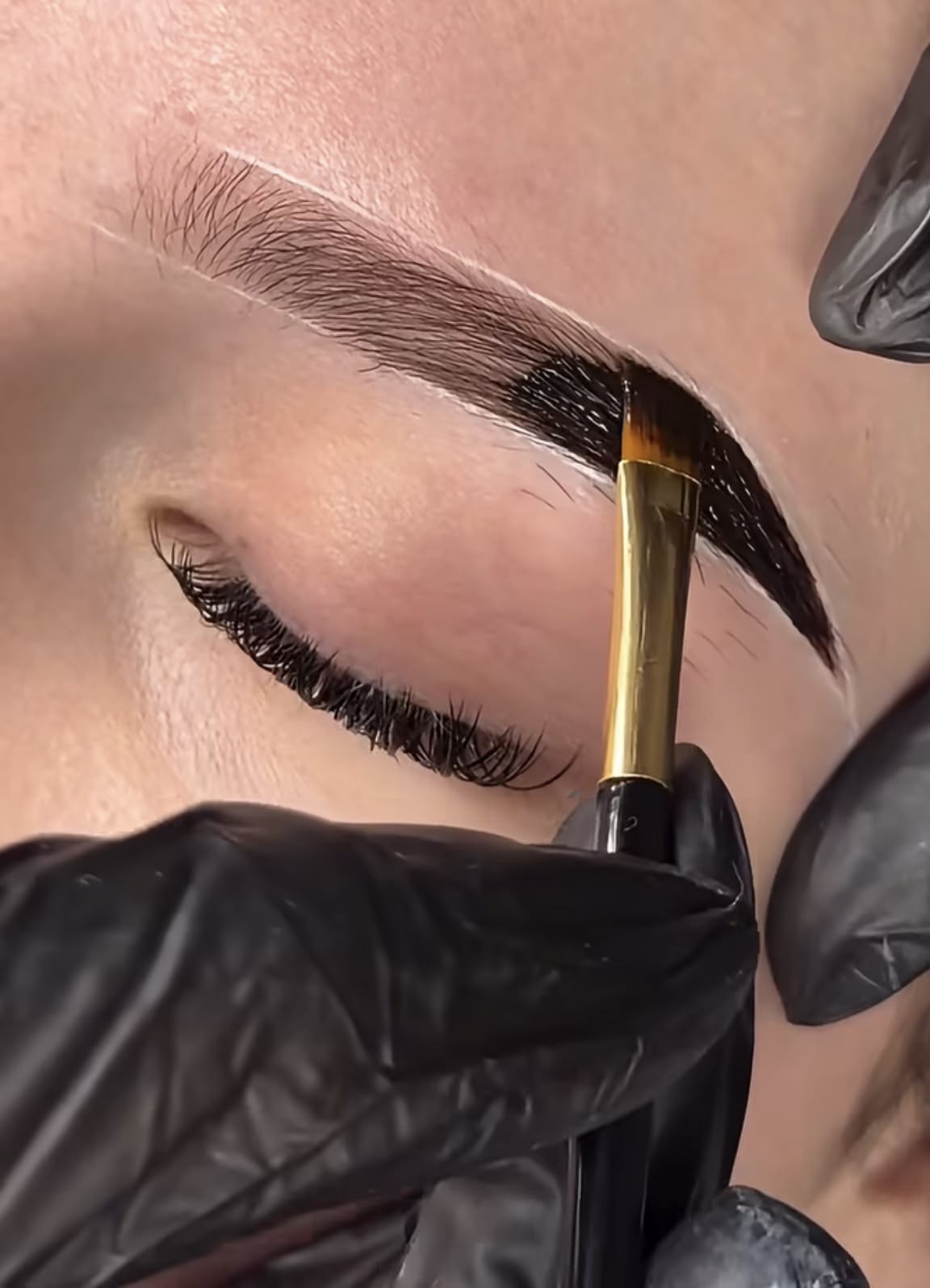 Foto del servicio Cejas en henna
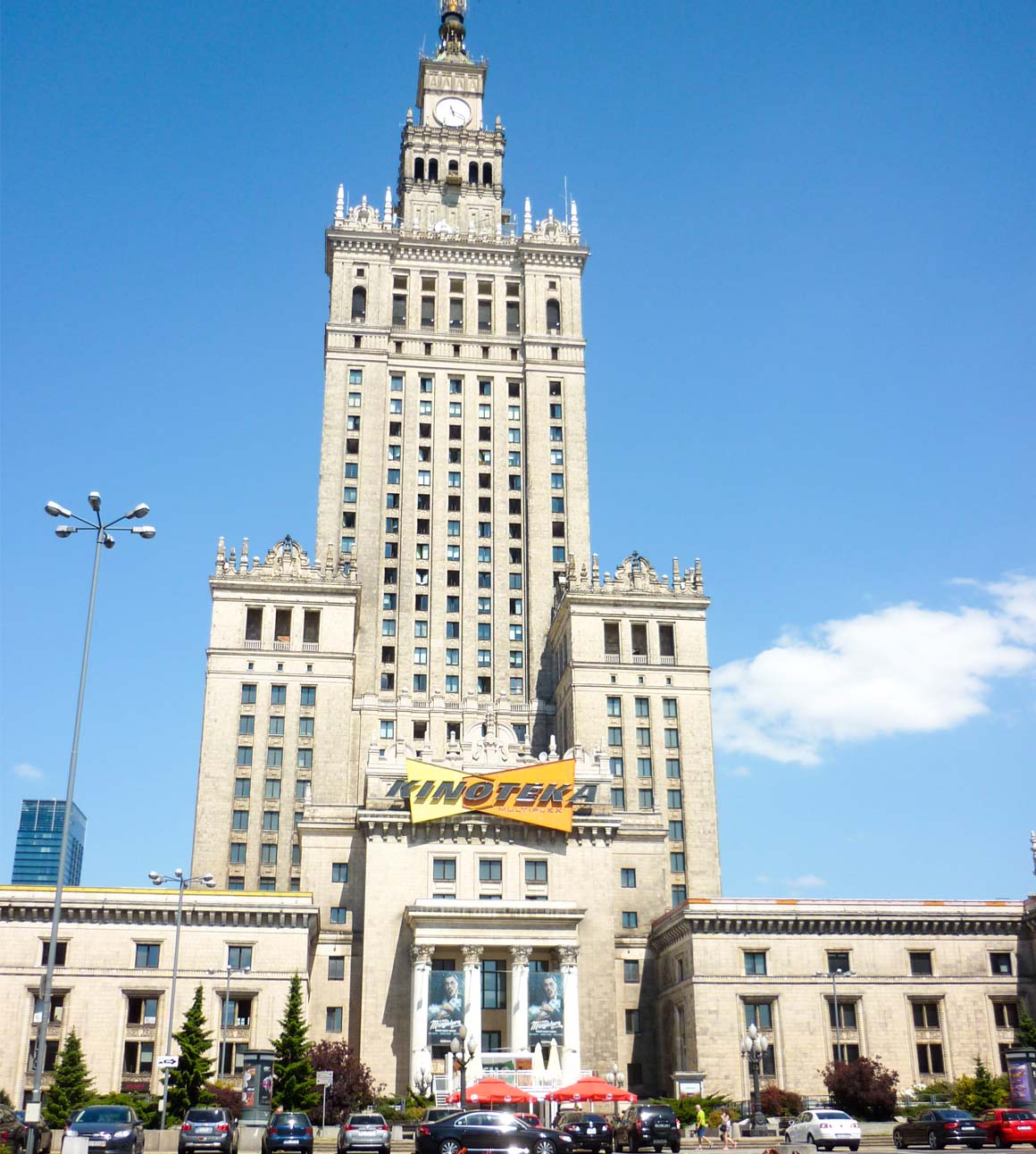 frente do Palácio da Cultura e Ciência Varsóvia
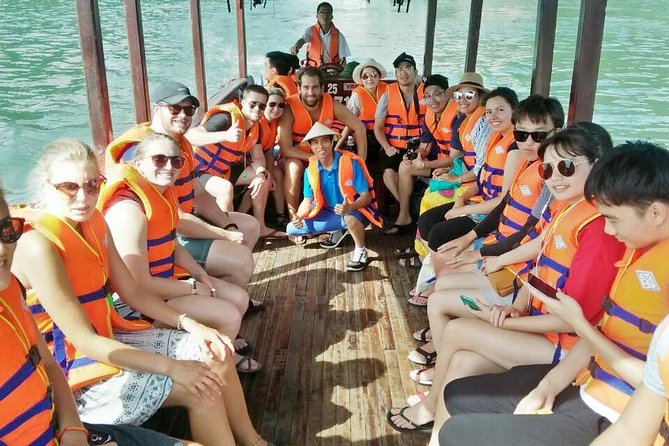 Ha Long Bay 2D1N on a 4-Star Cruise - Dining Options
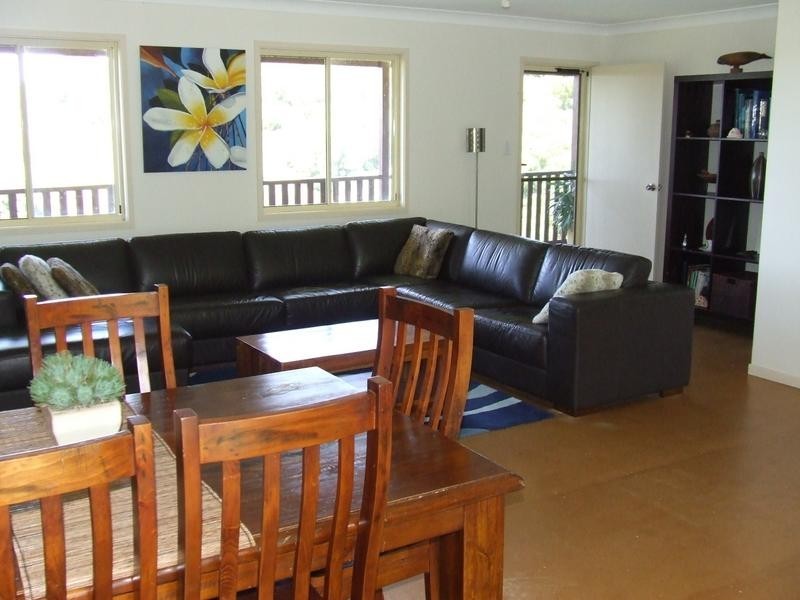 21 Whispering Valley Drive, Richmond Hill NSW 2480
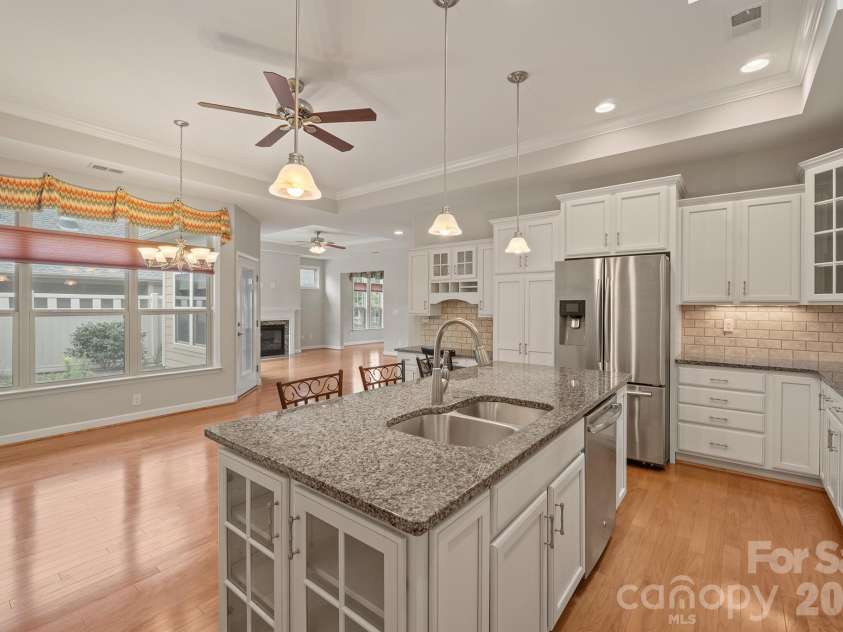 5028 Polo Gate Boulevard, Charlotte, NC 28216.  MLS# CAR4416694, YatesRealty ID 45968. 
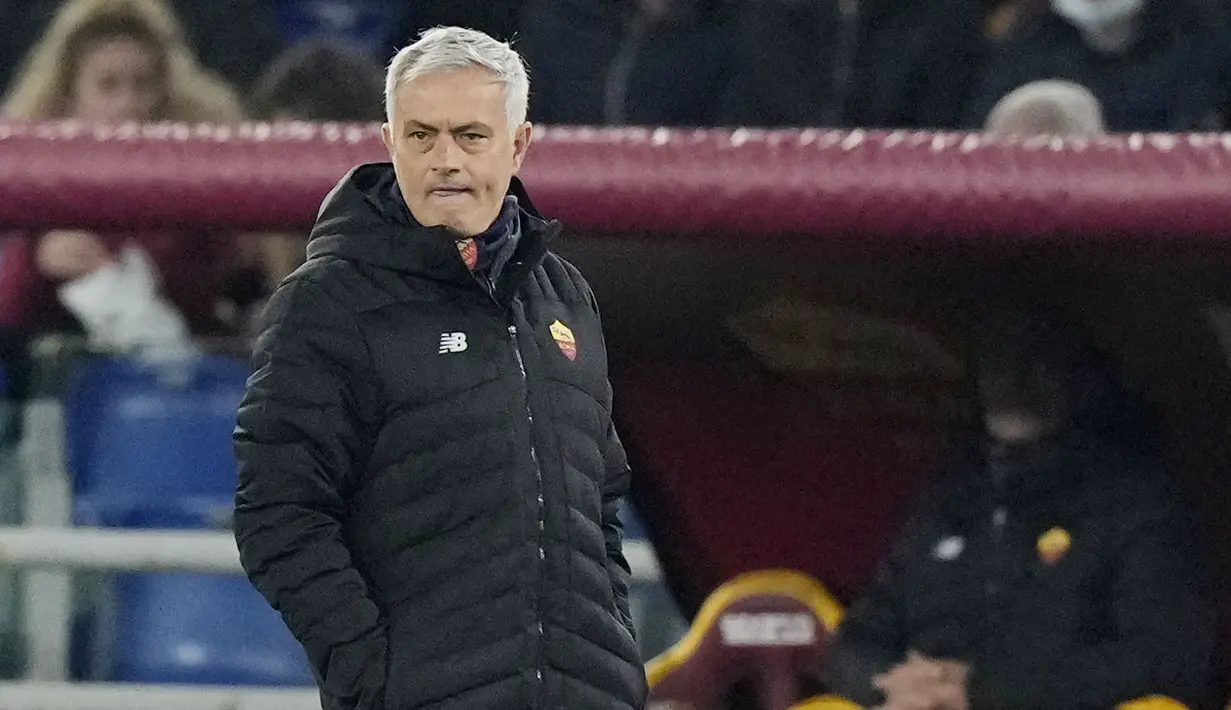 Jose Mourinho harus menelan pil pahit usai skuadnya digilas Inter Milan pada pekan ke-16 Liga Italia di Stadion Olimpico, Roma, Minggu (5/12/2021).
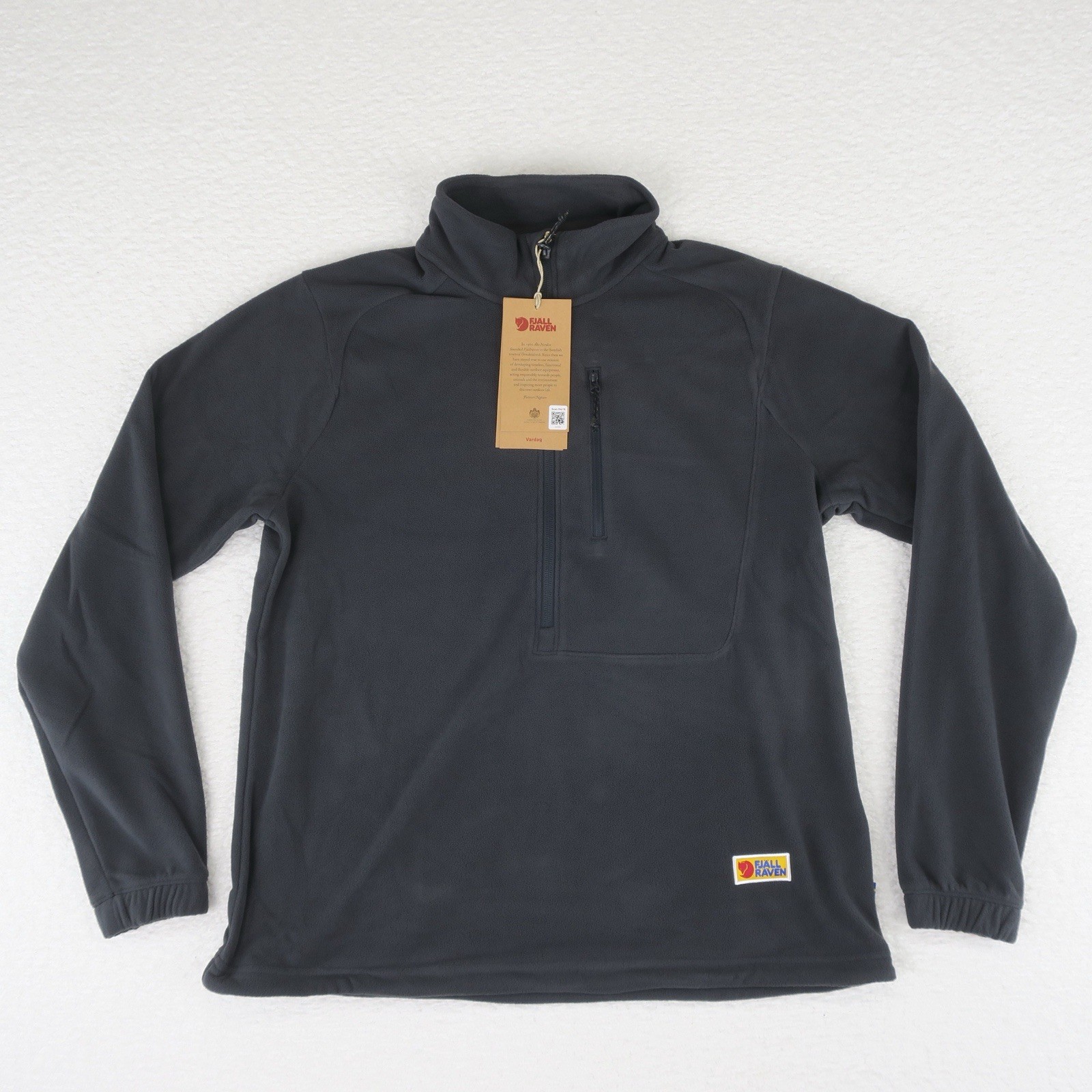 Fjallraven 1/4 Zip Vardag Lit Fleece Sweater Womens Small Dark Grey Retail $120 Fjallraven 1/4 Zip Vardag Lit Fleece Sweater Womens Small Dark Grey Retail $120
_ _ _ _ _
** TASK **
Type the records out again in full, exactly, with each picture omitted.

** TASK RESPONSE **
 Foto del servicio Cejas en henna
 frente do Palácio da Cultura e Ciência Varsóvia
 Ha Long Bay 2D1N on a 4-Star Cruise - Dining Options
 21 Whispering Valley Drive, Richmond Hill NSW 2480
 5028 Polo Gate Boulevard, Charlotte, NC 28216.  MLS# CAR4416694, YatesRealty ID 45968. 
 Jose Mourinho harus menelan pil pahit usai skuadnya digilas Inter Milan pada pekan ke-16 Liga Italia di Stadion Olimpico, Roma, Minggu (5/12/2021).
 Fjallraven 1/4 Zip Vardag Lit Fleece Sweater Womens Small Dark Grey Retail $120 Fjallraven 1/4 Zip Vardag Lit Fleece Sweater Womens Small Dark Grey Retail $120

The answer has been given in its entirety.